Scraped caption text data
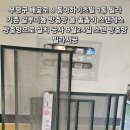 부평구 배곶로 9 동아하이츠빌 1동 빌라 기존 알루미늄 방충망 을 촘촘이 스텐레스 방충망으로 설치 공사 모헤어 시공 9월24일. 빌라 이미지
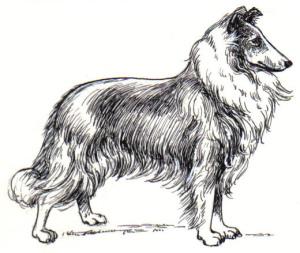 Collie_(PSF)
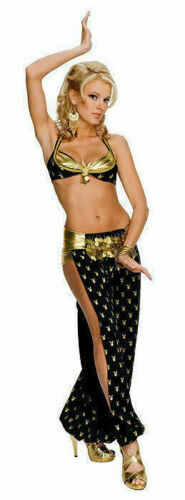 Playboy harem girl adult - harem,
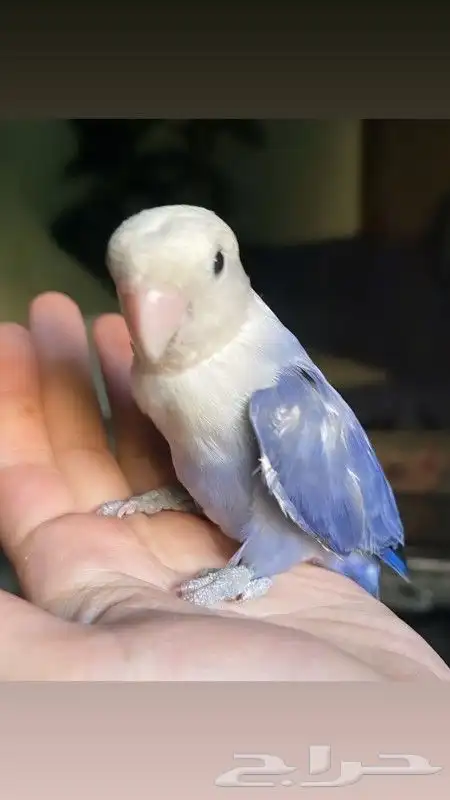 للبيع أجمل ببغاء الروز لون ازرق لطيف جدا لعوب مغرد 1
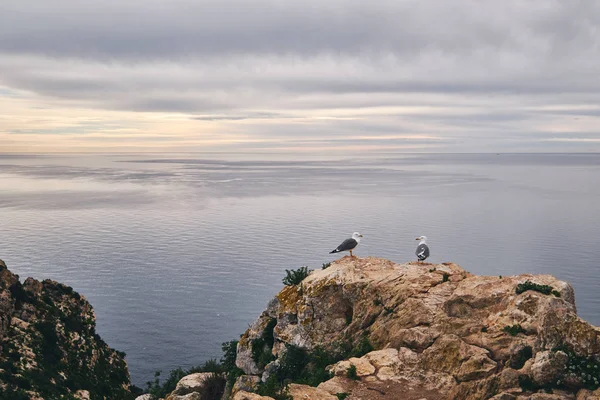 Дві чайки на краю вапнякової гори — стокове фото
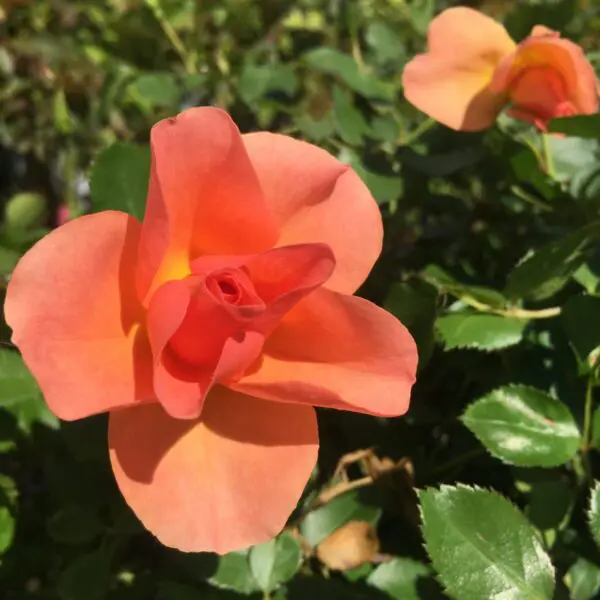 Chinook Sunrise Shrub Rose - Trees & Shrubs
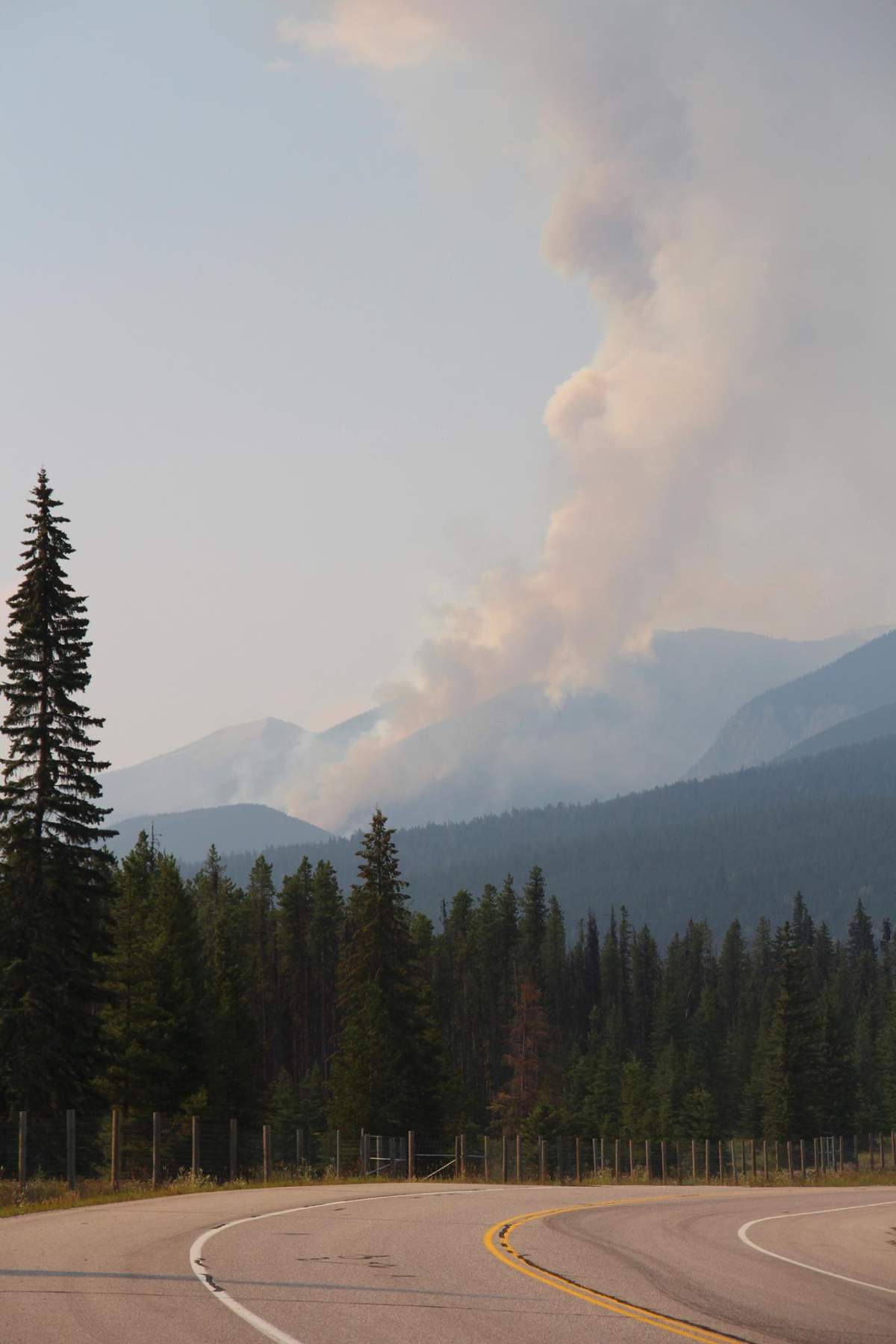 The Whitetail Creek fire. Courtesy: Kootenay National Park Facebook page.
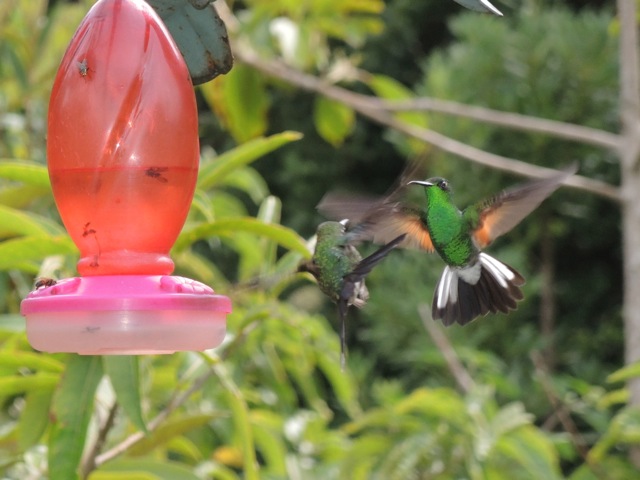 Male Stripe-tailed Hummingbird.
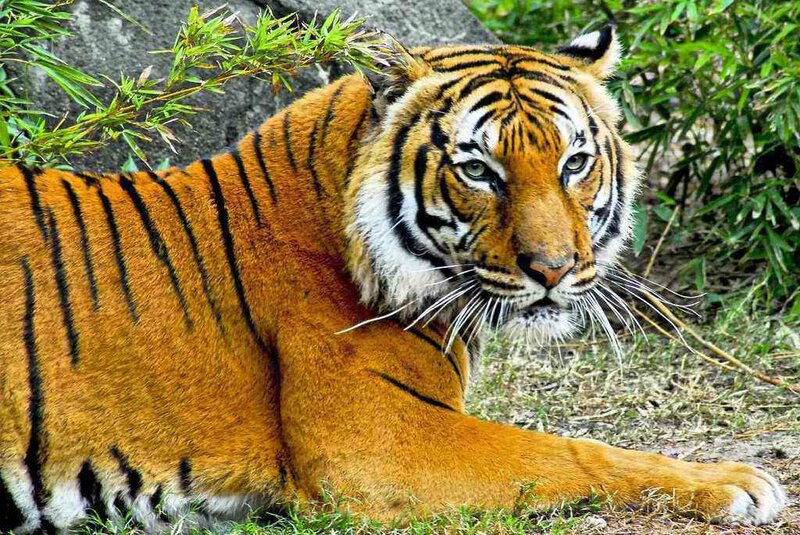 Tiger Lying on Ground — Orange, Calm, Afternoon, Photograph, Bamboo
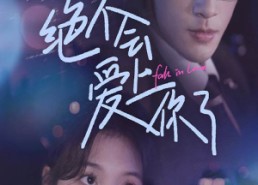 短剧《绝不会爱上你了（55集）》短剧在线观看无广告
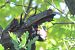 Picchio rosso maggiore (Dendrocopos major) © Enrico Bissardella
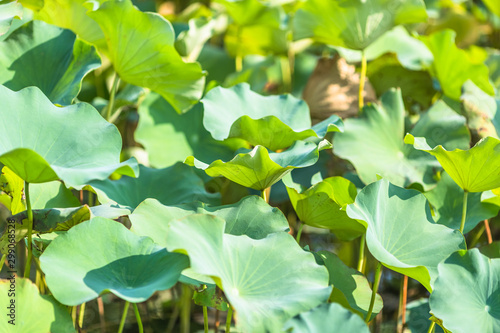 Foto Giant green lotus leaves in the pond help decorate the landscape to look natural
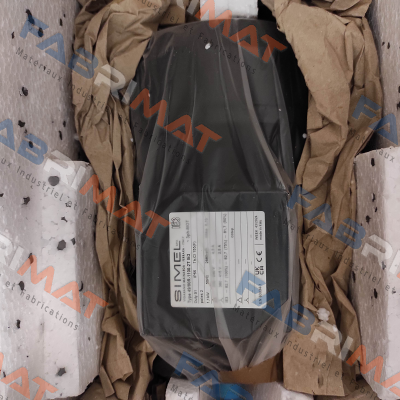 Typ 49/80R-1100-2T IE3 Simel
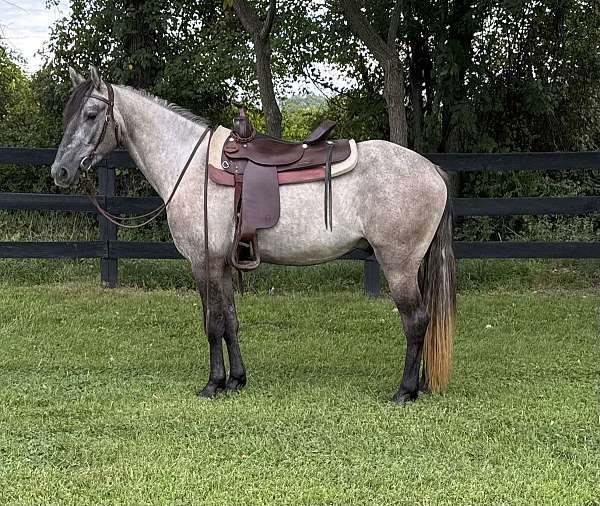 dun-grey-friesian-gelding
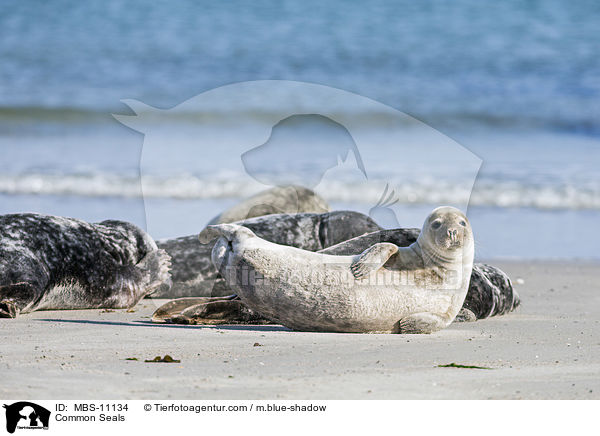 Seehunde / Common Seals / MBS-11134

_WHAT IS NEEDED_: Could you please repeat the entries above exactly, with every picture left out?

_WRITTEN SOLUTION_:
 부평구 배곶로 9 동아하이츠빌 1동 빌라 기존 알루미늄 방충망 을 촘촘이 스텐레스 방충망으로 설치 공사 모헤어 시공 9월24일. 빌라 이미지
 Collie_(PSF)
 Playboy harem girl adult - harem,
 للبيع أجمل ببغاء الروز لون ازرق لطيف جدا لعوب مغرد 1
 Дві чайки на краю вапнякової гори — стокове фото
 Chinook Sunrise Shrub Rose - Trees & Shrubs
 The Whitetail Creek fire. Courtesy: Kootenay National Park Facebook page.
 Male Stripe-tailed Hummingbird.
 Tiger Lying on Ground — Orange, Calm, Afternoon, Photograph, Bamboo
 短剧《绝不会爱上你了（55集）》短剧在线观看无广告
 Picchio rosso maggiore (Dendrocopos major) © Enrico Bissardella
 Foto Giant green lotus leaves in the pond help decorate the landscape to look natural
 Typ 49/80R-1100-2T IE3 Simel
 dun-grey-friesian-gelding
 Seehunde / Common Seals / MBS-11134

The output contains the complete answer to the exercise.